REQUIRED WORK: The entries below contain a stretch that opens with the line containing "Hello, this is" and closes with the line containing "The first settings"; set down that stretch exactly, both ends included, and nothing else.

══════════

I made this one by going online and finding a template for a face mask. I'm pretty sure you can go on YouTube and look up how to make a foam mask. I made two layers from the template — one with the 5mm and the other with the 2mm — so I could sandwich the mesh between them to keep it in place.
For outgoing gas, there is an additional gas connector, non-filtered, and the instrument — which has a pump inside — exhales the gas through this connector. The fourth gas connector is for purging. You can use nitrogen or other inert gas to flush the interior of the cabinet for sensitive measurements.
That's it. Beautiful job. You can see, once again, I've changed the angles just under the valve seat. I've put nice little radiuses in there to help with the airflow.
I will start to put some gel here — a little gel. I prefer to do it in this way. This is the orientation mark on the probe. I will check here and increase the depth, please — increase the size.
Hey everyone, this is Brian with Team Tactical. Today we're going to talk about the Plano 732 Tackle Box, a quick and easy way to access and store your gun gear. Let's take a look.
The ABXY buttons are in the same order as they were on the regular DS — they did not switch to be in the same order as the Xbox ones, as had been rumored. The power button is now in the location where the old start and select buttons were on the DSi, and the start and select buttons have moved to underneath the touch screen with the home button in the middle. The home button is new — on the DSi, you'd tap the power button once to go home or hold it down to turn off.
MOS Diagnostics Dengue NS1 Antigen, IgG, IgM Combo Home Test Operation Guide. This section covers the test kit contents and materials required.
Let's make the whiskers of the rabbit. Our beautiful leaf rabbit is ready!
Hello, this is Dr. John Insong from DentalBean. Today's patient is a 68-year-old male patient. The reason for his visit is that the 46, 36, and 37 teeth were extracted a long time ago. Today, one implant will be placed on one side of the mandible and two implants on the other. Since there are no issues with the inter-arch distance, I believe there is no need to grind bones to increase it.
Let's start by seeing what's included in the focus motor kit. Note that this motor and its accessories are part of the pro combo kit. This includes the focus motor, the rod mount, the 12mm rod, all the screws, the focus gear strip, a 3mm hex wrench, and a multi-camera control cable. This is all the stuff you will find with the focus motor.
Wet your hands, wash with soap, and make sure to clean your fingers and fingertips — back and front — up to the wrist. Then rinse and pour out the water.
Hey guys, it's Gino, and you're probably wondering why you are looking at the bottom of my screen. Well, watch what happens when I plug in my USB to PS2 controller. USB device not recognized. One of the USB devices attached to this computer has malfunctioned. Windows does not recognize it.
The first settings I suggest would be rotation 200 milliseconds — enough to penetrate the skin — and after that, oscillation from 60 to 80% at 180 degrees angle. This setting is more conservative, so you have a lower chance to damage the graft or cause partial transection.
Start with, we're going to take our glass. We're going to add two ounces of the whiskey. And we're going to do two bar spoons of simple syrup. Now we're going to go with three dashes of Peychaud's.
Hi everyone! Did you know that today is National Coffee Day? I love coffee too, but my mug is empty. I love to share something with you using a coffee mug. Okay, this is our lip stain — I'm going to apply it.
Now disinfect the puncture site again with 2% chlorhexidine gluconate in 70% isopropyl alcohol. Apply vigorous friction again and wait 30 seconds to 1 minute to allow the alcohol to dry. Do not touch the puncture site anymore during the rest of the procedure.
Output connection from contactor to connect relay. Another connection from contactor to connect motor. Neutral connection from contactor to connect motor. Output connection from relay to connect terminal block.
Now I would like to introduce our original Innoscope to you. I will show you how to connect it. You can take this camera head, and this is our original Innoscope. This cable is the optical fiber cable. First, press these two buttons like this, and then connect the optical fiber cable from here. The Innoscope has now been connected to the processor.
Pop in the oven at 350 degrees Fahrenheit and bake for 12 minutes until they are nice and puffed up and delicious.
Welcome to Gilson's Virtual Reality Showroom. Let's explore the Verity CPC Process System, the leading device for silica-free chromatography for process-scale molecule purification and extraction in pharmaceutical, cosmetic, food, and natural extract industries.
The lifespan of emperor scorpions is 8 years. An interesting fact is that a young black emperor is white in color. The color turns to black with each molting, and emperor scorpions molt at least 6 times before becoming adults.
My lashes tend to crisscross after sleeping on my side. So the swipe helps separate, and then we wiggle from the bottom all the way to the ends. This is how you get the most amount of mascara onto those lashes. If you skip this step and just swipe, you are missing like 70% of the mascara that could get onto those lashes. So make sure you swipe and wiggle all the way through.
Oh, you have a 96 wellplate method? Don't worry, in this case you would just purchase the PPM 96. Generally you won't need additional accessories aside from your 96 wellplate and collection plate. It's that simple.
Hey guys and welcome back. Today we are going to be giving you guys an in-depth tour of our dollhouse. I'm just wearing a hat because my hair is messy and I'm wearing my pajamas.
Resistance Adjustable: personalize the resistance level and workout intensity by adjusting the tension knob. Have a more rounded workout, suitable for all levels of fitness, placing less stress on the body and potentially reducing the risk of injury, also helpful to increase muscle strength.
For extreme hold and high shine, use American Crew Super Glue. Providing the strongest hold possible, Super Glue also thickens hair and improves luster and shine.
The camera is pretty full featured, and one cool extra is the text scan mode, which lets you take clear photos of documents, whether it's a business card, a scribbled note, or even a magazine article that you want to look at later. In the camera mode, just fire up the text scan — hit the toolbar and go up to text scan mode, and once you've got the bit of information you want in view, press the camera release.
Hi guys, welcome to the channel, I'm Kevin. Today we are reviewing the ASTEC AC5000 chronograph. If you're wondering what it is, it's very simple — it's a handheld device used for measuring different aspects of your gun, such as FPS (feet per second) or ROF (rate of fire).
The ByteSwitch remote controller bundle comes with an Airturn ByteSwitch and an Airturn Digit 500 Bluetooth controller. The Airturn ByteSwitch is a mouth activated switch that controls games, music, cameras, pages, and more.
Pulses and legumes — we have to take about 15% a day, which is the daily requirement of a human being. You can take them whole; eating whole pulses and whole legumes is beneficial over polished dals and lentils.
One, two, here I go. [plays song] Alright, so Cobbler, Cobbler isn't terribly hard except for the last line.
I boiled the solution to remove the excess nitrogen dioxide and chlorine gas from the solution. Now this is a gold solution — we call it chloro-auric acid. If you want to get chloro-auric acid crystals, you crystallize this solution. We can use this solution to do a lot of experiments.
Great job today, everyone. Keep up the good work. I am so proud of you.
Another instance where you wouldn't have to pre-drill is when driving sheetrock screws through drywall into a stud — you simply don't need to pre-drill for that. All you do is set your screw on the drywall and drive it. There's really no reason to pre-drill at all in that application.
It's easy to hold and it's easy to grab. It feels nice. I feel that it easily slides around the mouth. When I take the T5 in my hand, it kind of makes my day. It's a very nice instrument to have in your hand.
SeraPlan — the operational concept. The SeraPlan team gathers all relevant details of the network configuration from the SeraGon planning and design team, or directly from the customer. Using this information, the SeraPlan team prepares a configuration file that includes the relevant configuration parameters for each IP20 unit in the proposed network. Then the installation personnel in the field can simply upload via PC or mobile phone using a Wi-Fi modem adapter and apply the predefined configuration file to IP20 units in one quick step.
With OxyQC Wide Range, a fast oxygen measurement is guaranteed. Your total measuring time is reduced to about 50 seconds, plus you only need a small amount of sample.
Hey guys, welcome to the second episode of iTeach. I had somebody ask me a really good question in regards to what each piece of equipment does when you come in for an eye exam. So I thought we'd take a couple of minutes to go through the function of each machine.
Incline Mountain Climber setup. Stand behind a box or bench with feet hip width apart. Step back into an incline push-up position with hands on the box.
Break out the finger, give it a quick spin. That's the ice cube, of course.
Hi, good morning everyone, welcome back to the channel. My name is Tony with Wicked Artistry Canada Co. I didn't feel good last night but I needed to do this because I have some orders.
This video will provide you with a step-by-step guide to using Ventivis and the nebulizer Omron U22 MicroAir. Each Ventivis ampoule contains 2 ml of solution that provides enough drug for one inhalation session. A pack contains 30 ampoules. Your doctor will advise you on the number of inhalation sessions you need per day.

══════════

TASK SOLUTION:
Hello, this is Dr. John Insong from DentalBean. Today's patient is a 68-year-old male patient. The reason for his visit is that the 46, 36, and 37 teeth were extracted a long time ago. Today, one implant will be placed on one side of the mandible and two implants on the other. Since there are no issues with the inter-arch distance, I believe there is no need to grind bones to increase it.
Let's start by seeing what's included in the focus motor kit. Note that this motor and its accessories are part of the pro combo kit. This includes the focus motor, the rod mount, the 12mm rod, all the screws, the focus gear strip, a 3mm hex wrench, and a multi-camera control cable. This is all the stuff you will find with the focus motor.
Wet your hands, wash with soap, and make sure to clean your fingers and fingertips — back and front — up to the wrist. Then rinse and pour out the water.
Hey guys, it's Gino, and you're probably wondering why you are looking at the bottom of my screen. Well, watch what happens when I plug in my USB to PS2 controller. USB device not recognized. One of the USB devices attached to this computer has malfunctioned. Windows does not recognize it.
The first settings I suggest would be rotation 200 milliseconds — enough to penetrate the skin — and after that, oscillation from 60 to 80% at 180 degrees angle. This setting is more conservative, so you have a lower chance to damage the graft or cause partial transection.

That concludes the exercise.